Perimenopausal Anxiety: Why You Don’t Feel Like Yourself and How Qigong Can Help

Woman in nature representing Qigong support for perimenopausal anxiety and wellbeing

One of the more unexpected things I’ve experienced through perimenopause has been anxiety.

Not because anxiety is unfamiliar to many women, but because it was unfamiliar to me. Prior to this phase of life, I had never really experienced anxiety in any significant way, so when it began showing up, it felt unsettling.

More than the symptoms themselves, I think what felt most disorienting was the sense of not quite recognising myself. Feeling wired for no obvious reason. Waking in the early hours unable to settle. Feeling emotionally more reactive than usual, or noticing a kind of internal agitation that simply hadn’t been part of my experience before.

 

Why Perimenopausal Anxiety Happens and Why Qigong Can Help

If you’ve found yourself navigating something similar, particularly if anxiety was never previously part of your story, you’ll likely understand exactly what I mean. Perimenopausal anxiety can feel especially unsettling when it arrives as something entirely unfamiliar.

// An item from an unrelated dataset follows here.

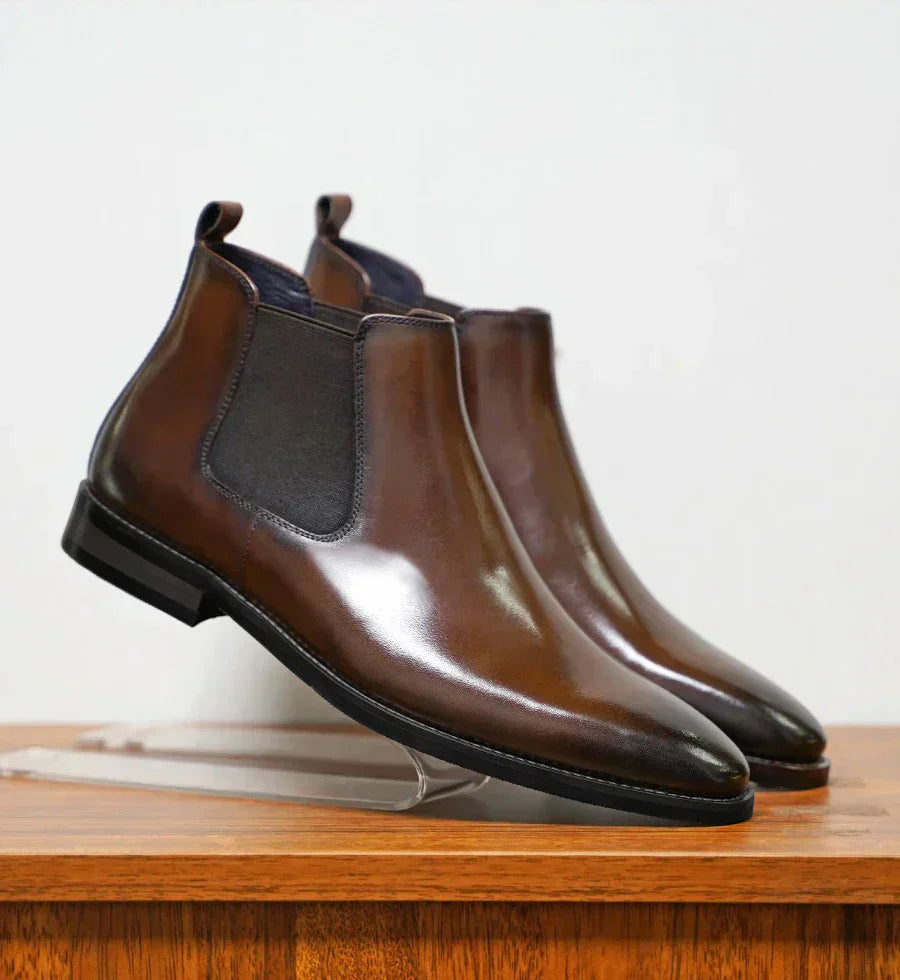 Oliver | Sophisticated Leather Chelsea Boots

Perimenopause brings significant internal change. Hormones are shifting, yes, but alongside that sleep can become disrupted, metabolism changes, nervous system regulation can feel more difficult, stress can hit harder, energy levels become less predictable and emotional steadiness can feel harder to access.

It’s a lot.

And yet the broader conversation around anxiety still tends to frame it as though it’s simply something we need to mentally manage better.

Think differently. Calm down. Stress less. Who has ever relaxed from being told to relax?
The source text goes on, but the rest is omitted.